‘Incorrupt’ Nun’s Body Draws Thousands to Rural Missouri

Thousands of pilgrims visited the monastery in Gower, Missouri, to see the nun’s body, which showed no signs of decay four years after her death.

Sister Wilhelmina Lancaster, Founder of the Benedictine Order monastery Mary, Queen of the Apostles, died in 2019 at the age of 95. When her body was exhumed for placement in her monastery chapel some four years after her death, she was found to be “incorruptible”. “A term that refers to protecting the body from normal decay.

“Last month, in preparation for the construction of the shrine, we exhumed her. She was buried four years ago in a plain wooden coffin without any embalming, so the very wet clay of Missouri It was said that the bones were buried in the monastery.” Declared.

However, when the coffin was opened in front of the local population, the body was covered in a layer of mold, but the nun’s remains and her religious practices had hardly decayed for four years.

“I thought I saw a perfectly intact leg, so I said, ‘I didn’t just see it.'” Said Mother Cecilia, OSB, Abbot of the Monastery.

The abbot added that she looked carefully again and then cried out, “I see her legs!” Afterwards, the community “just cheered.”

“I think she’s the first African-American woman to be found corrupt,” said Mother Cecilia.

The late Sister Wilhelmina, known for her devotion to the traditional Latin Mass, founded the Convent of Mary Queen of the Apostles in 1995 at the age of 70.

News of the discovery that her body appeared to be undecayed spread quickly, and an official inquiry was made, along with a preliminary statement from St.
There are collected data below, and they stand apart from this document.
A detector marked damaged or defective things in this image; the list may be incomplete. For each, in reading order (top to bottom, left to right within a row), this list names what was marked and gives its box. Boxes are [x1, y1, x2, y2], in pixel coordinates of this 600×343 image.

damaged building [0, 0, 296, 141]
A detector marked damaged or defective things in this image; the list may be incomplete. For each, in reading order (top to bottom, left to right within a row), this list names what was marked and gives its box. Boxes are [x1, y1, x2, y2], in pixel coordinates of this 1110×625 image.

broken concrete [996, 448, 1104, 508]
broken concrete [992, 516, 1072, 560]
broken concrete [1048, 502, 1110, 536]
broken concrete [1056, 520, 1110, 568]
Joseph Parish of Kansas City.

“The condition of Sister Wilhelmina Lancaster’s body has rightfully caused widespread concern and raised important questions,” he said. statement To read. “At the same time, it is important to protect the integrity of Sister Wilhelmina’s remains to allow for a thorough investigation.”
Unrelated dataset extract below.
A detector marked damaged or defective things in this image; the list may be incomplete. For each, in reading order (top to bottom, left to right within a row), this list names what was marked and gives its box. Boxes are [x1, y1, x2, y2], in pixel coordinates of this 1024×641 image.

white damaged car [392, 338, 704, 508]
Local Bishop James Johnston continued, “We are working to establish a thorough process to understand the nature of the condition of Sister Wilhelmina’s remains,” adding that the incorruption “has been verified in the past, but It’s very rare,” he said.
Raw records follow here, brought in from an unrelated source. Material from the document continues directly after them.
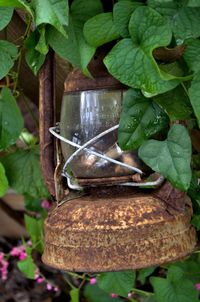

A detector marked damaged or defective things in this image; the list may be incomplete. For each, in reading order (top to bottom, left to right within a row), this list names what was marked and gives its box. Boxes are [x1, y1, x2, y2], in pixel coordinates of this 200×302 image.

weathered rust [39, 50, 55, 197]
bent metal wire [49, 123, 165, 190]
corroded lantern [39, 50, 197, 272]
rusty metal container [42, 184, 197, 272]
weathered rust [42, 188, 197, 272]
“There are well-established processes for pursuing saintly causes, but they have not yet been initiated in this case,” the report added.

The Benedictine sisters said in a statement that they believed the founder was a very holy woman, but had not initiated the process of her beatification, i.e. being declared a saint in the Catholic Church. rice field.

“We can attest to the personal sanctity of the Sisters, but that immortality is not included in the official seal the Church takes as a saintly miracle, and that all , we know that it needs to be subject to further scrutiny by competent authorities, especially in the medical field,” they said.

Sister Wilhelmina’s body was kept in the monastery chapel until Sunday, when the sisters performed the Rosary procession. On Monday, the body will be placed in a glass temple near the altar of St. Joseph in the chapel.